Apparently I have more to say on the subject of the wedding registry. (Who knew such a benign cultural convention would make for such great literary fodder?)
PIC and I are, if you’re to believe the bridal magazines (which I suppose I should since I’m now writing for some of them and have a piece coming out in Destinations Weddings and Honeymoons soon), very much behind the eight ball when it comes to our wedding registry.
According to one timeline, we should have set ours up in July; this would have been the recommended “ten months before the big day.”
But we weren’t even engaged in July. So we waited until January. (July… January… They both start with letter “J,” right?)
At my mother’s suggestion, we signed up for a Sip-and-Scan event at Macy’s.
This was after a rather disastrous evening of wandering around West Elm, during which I spent the whole time wondering aloud about the sort of people who spend $600 on a Rustin Industrial Storage Coffee Table (granted, it was an amazing coffee table, with the power to solve some of life’s greatest challenges i.e. storing things beneath said table and eating dinner in front of your TV, but still $600?).
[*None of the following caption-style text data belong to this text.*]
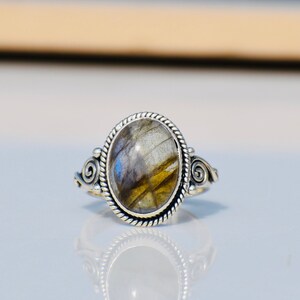 Labradorite 925 Sterling Silver Ring, Natural Fire Labradorite Oval Ring, Statement Ring, Boho Hippie Ring, Crystal Ring, Protection Stone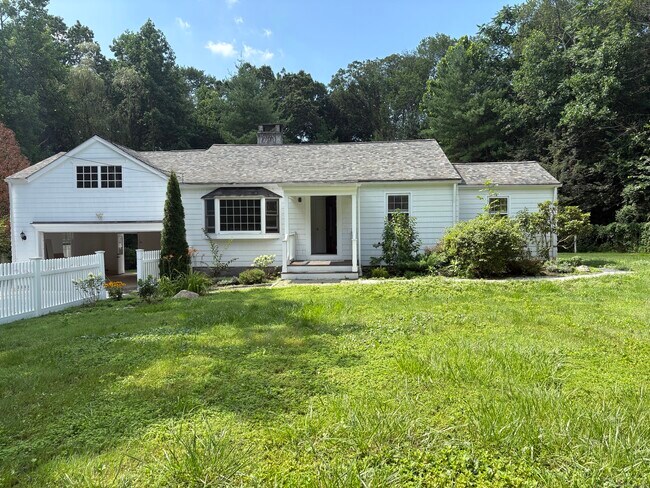 158 Jelliff Mill Rd in New Canaan, CT - Building Photo - Building Photo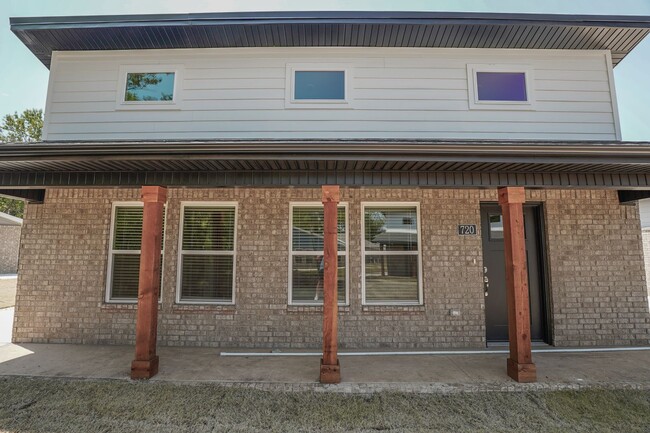 Bed 2 Bath Home!! - Bed 2 Bath Home!!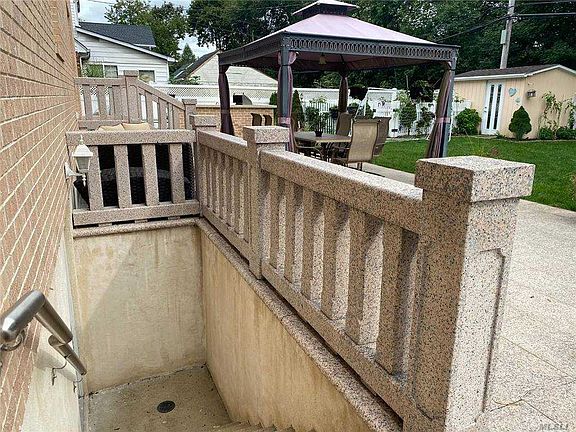 5th image of 42 Parkway Dr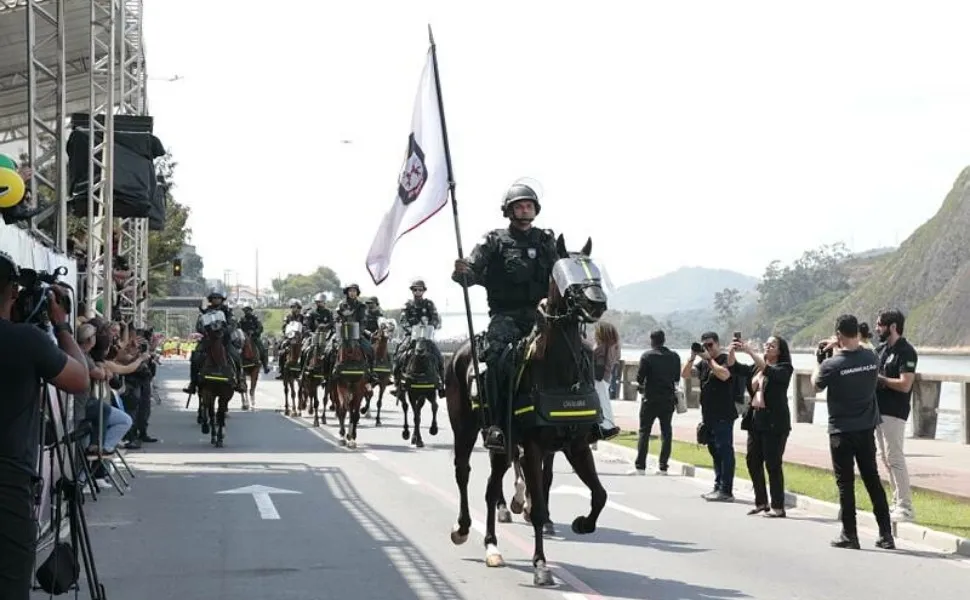 Acrobacias, simulações e helicópteros marcam o desfile de 7 de setembro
PIC, for his part, was simply baffled. (“I thought you liked thrift shops… Why are we even in this place?”) He did take a liking to a pair of fuzzy throw pillows, so we scanned them with our newly downloaded West Elm Wedding Registry App, but when I informed him that the fuzziness came courtesy of a bunch of dead animals (yaks in this particular case), we decided to delete them.
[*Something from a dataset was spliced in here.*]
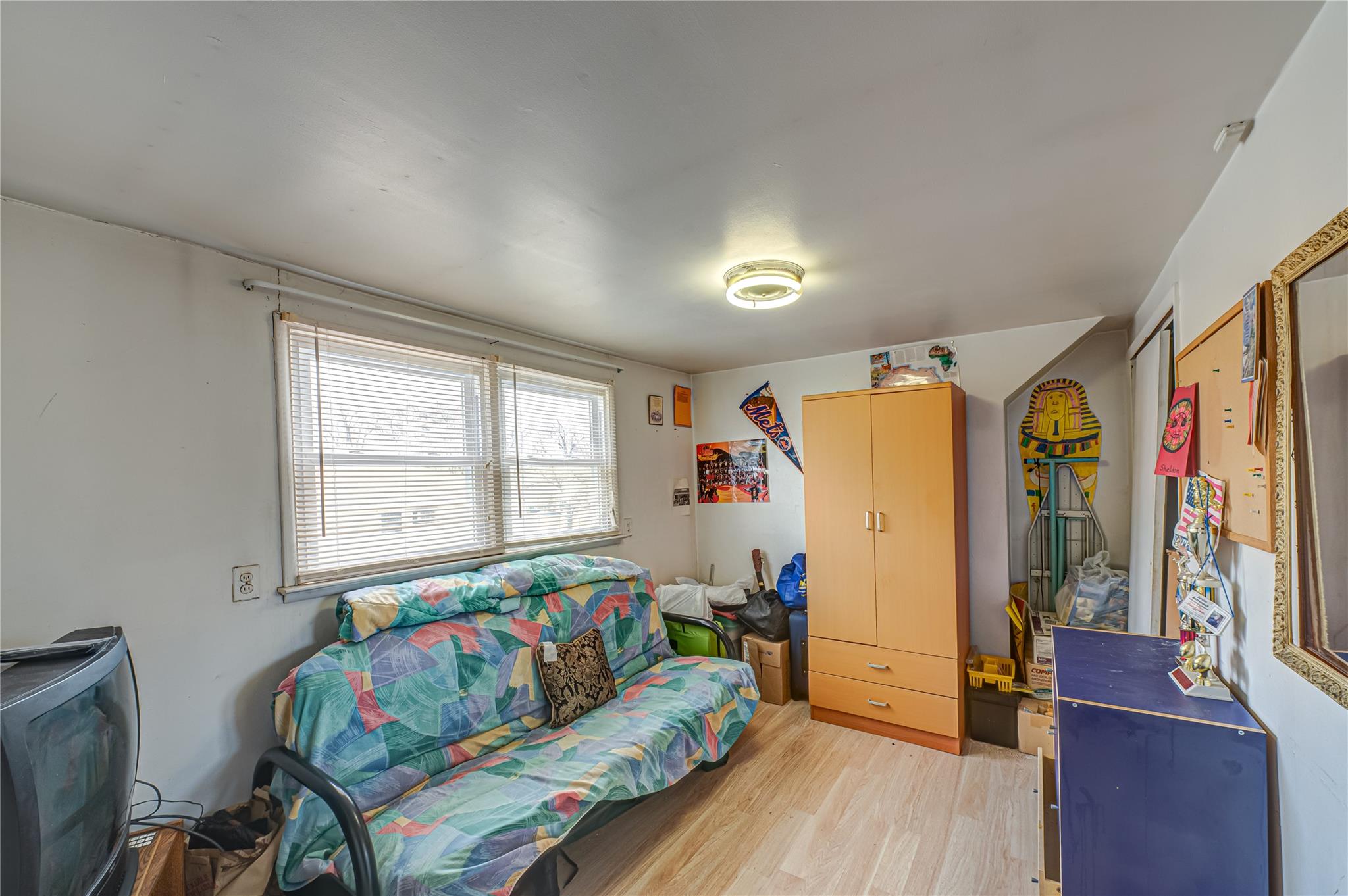 6 Frederick Ave, Freeport, NY 11520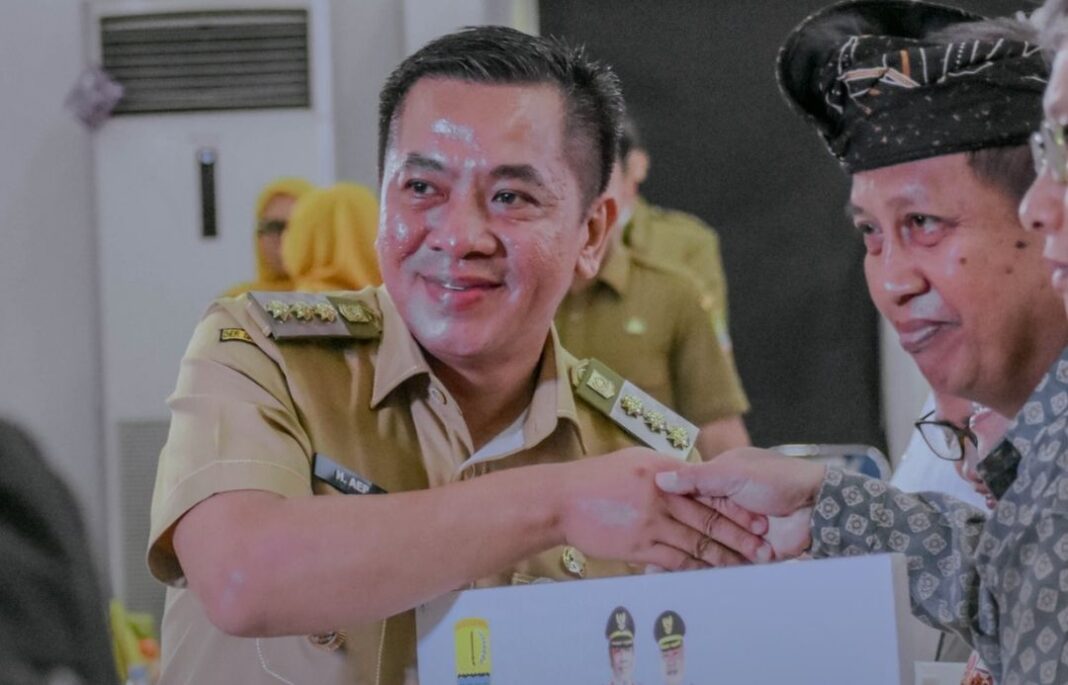 Dorong Ruang Aman, Bupati Karawang Buka Seminar 16 HAKTP dan Serahkan Hibah Keagamaan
Anyway, fast forward a few months to the Macy’s Sip-and-Scan.
“You’ll like it,” I promised PIC. “There are mocktails.”
“No, mocktails. No actual alcohol. But it will be fun, I promise.”
Little did I know I’d signed us up for the sleekest, chicest, party-of-a-sales pitch that the world has ever known. They even had a DJ.
Within minutes of arriving and eating our first of approximately 87 passed hors d’oeuvres, we’d become utterly convinced that our marriage was doomed—DOOMED!—if we didn’t register for wedding china.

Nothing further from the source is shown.